La catedral en la cima — construida sobre una mezquita, como de costumbre, aunque la estructura actual es del siglo XVII — alberga un pequeño museo de artefactos fenicios y romanos procedentes de las excavaciones de la isla. La colección es modesta y excelente: figuritas de terracota, ánforas pintadas, amuletos de bronce de la necrópolis del Puig des Molins. La propia necrópolis está a la vuelta de la esquina de la puerta principal, un sitio de la UNESCO por sí solo, tres mil tumbas talladas en la roca durante seis siglos de ocupación fenicia y púnica. A los fenicios les gustaba mucho Ibiza. La llamaban Ibosim. Se quedaron seiscientos años.
Los restaurantes dentro de las murallas son significativamente más caros que los del puerto de abajo, por razones que son completamente explicables y no del todo injustificables. Una mesa en una terraza con vistas al puerto al atardecer es el tipo de experiencia gastronómica en la que las vistas hacen al menos la mitad del trabajo. Comí en uno de los lugares más pequeños de las calles superiores — una sala de seis mesas, menú escrito a mano, la dueña cocinando y su hija sirviendo — y tomé un plato de pollo con hierbas locales y una jarra de vino tinto ibicenco que costó diecisiete euros y era mejor que muchas cosas que he comido al doble de precio.

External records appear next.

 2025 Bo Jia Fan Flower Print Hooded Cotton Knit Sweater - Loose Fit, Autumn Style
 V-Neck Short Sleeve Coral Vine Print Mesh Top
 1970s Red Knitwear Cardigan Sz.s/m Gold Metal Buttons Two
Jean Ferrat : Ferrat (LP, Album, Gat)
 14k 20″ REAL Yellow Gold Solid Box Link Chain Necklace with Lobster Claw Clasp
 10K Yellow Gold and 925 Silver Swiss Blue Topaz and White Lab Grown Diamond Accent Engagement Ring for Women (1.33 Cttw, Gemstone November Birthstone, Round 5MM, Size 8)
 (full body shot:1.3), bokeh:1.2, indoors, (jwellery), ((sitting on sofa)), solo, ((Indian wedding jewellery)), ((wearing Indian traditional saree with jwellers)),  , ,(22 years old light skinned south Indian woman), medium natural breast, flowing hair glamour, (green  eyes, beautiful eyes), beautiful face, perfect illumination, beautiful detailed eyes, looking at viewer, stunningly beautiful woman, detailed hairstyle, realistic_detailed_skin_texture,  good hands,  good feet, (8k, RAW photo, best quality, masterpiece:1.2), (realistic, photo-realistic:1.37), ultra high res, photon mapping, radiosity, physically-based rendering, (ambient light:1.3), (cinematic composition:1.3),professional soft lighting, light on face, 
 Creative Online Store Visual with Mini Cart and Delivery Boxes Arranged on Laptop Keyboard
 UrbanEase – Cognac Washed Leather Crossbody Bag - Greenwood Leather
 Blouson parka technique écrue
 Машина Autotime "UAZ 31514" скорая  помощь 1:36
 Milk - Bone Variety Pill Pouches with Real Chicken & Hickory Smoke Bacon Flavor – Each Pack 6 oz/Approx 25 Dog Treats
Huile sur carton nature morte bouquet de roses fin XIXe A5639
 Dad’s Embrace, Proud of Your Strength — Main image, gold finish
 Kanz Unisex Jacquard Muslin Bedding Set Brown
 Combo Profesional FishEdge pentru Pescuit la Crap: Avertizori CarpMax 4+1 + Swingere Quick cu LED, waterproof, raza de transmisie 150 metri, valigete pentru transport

El barrio por la mañana — antes de que lleguen los excursionistas del puerto y antes de que abran los restaurantes — pertenece a las personas que realmente viven aquí: un número improbablemente alto de artistas y artesanos para un pueblo de unos pocos centenares de residentes permanentes, sus estudios visibles a través de puertas abiertas, el olor a café de la única panadería que abre a las siete y media. Los gatos se multiplican a esa hora, apareciendo desde muros y alféizares de ventanas con la autoridad de animales que llevan ocupando esta colina considerablemente más tiempo que cualquiera de los actuales residentes humanos.
Cuándo ir: De mayo a junio y de septiembre a octubre. Dalt Vila es accesible todo el año y está más tranquila de noviembre a abril, cuando muchos restaurantes del puerto cierran pero la ciudad amurallada permanece habitada. Las noches de verano son atmosféricas pero concurridas — el atardecer desde las murallas atrae a cientos de personas. Ve a las nueve de la mañana y tenla prácticamente para ti solo.